DATA FOR THIS EXERCISE below:
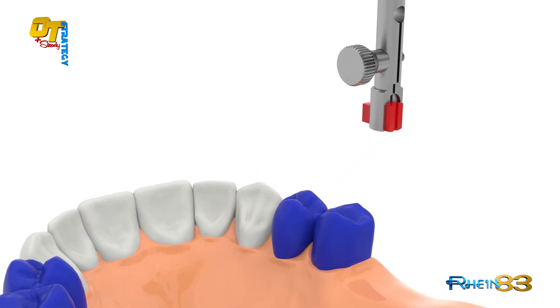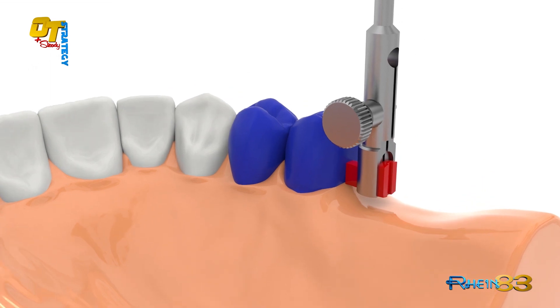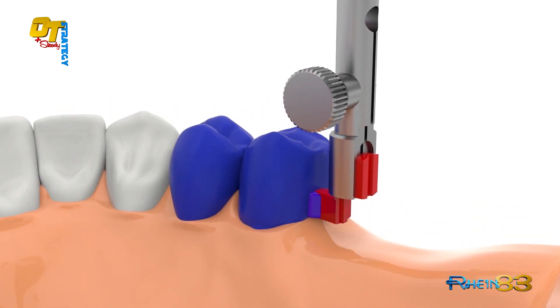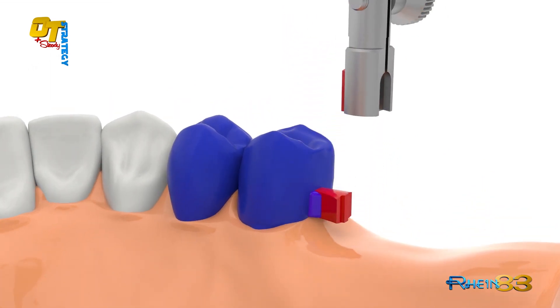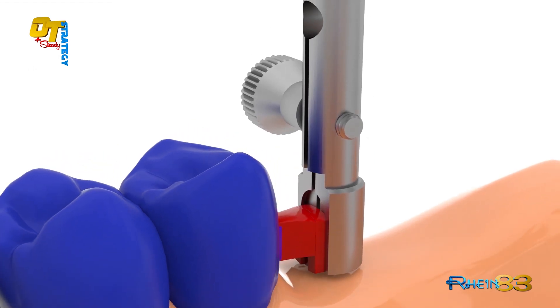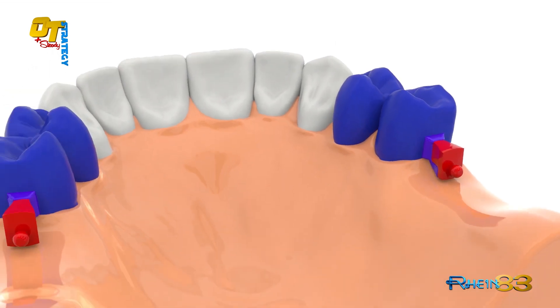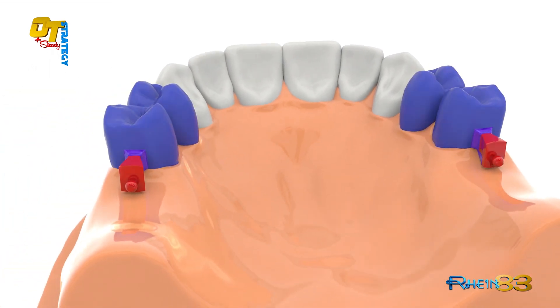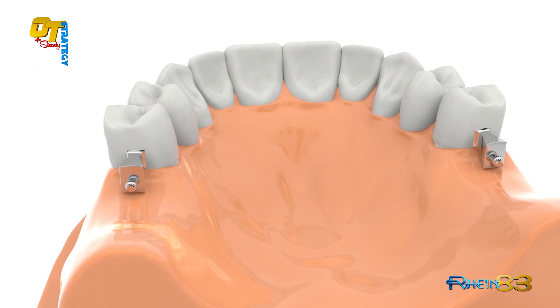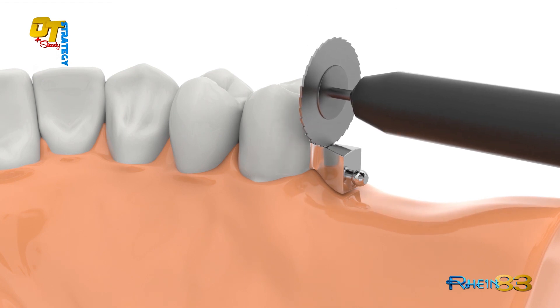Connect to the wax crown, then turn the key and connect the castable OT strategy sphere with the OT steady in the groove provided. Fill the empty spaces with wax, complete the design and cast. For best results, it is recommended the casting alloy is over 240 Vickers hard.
End of DATA FOR THIS EXERCISE.
DATA FOR THIS EXERCISE below:
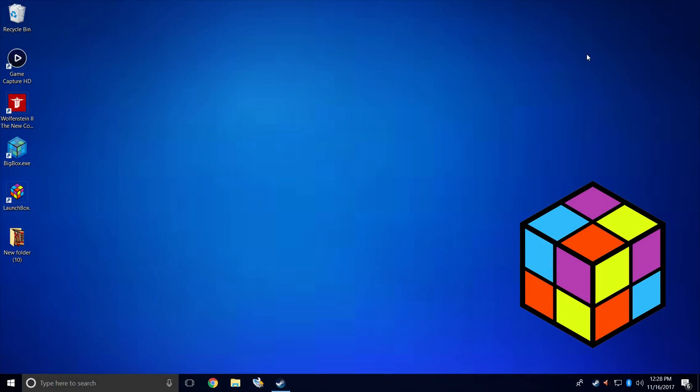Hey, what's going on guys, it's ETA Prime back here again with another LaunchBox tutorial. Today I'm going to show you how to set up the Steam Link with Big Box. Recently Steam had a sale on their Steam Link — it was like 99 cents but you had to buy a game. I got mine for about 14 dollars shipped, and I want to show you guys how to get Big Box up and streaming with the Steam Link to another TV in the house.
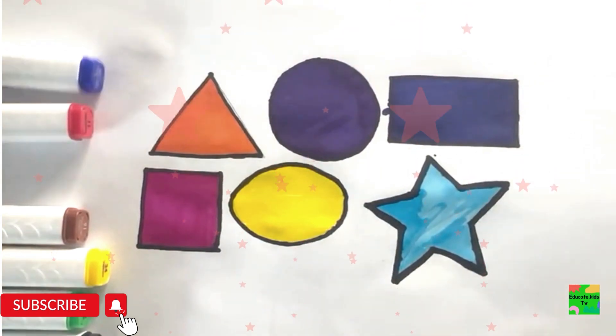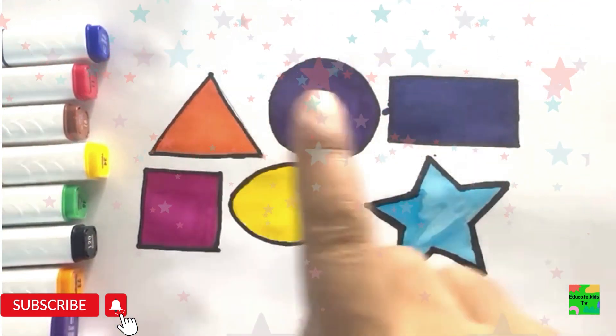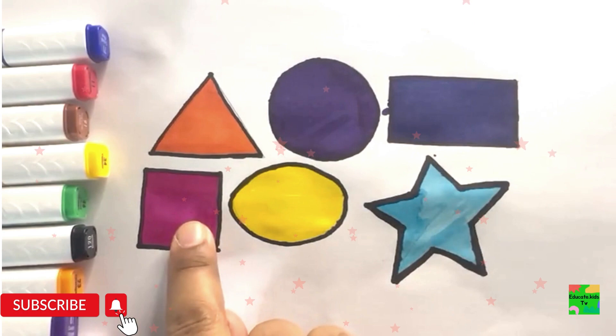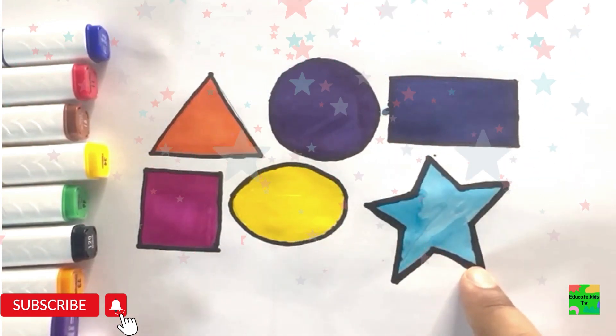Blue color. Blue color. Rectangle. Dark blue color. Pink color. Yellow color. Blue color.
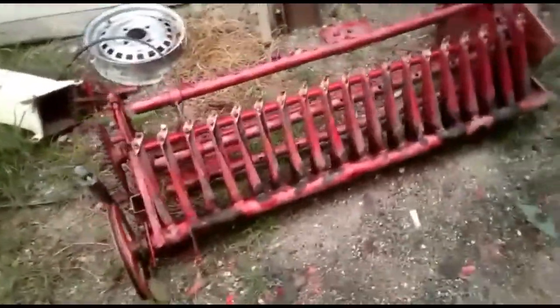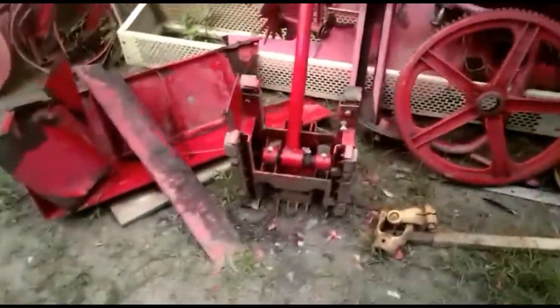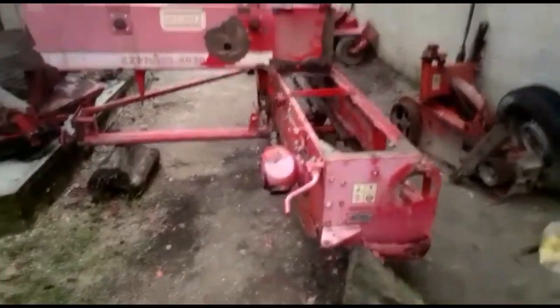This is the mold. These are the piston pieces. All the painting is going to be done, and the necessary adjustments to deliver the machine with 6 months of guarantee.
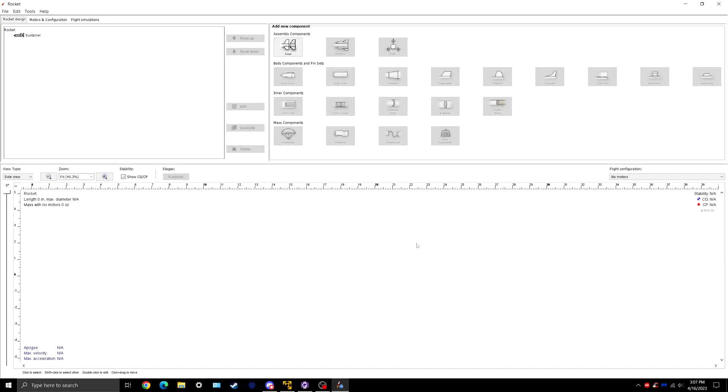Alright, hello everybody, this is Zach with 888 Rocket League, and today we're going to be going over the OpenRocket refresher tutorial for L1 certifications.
End of DATA FOR THIS EXERCISE.
_PROMPT_.
Please print the lines above word for word, starting at the one with "Hey, what's going" and ending at the one with "Alright, hello everybody, this", both included, and without any picture.

_WRITTEN RESPONSE_.
Hey, what's going on guys, it's ETA Prime back here again with another LaunchBox tutorial. Today I'm going to show you how to set up the Steam Link with Big Box. Recently Steam had a sale on their Steam Link — it was like 99 cents but you had to buy a game. I got mine for about 14 dollars shipped, and I want to show you guys how to get Big Box up and streaming with the Steam Link to another TV in the house.
Blue color. Blue color. Rectangle. Dark blue color. Pink color. Yellow color. Blue color.
This is the mold. These are the piston pieces. All the painting is going to be done, and the necessary adjustments to deliver the machine with 6 months of guarantee.
Alright, hello everybody, this is Zach with 888 Rocket League, and today we're going to be going over the OpenRocket refresher tutorial for L1 certifications.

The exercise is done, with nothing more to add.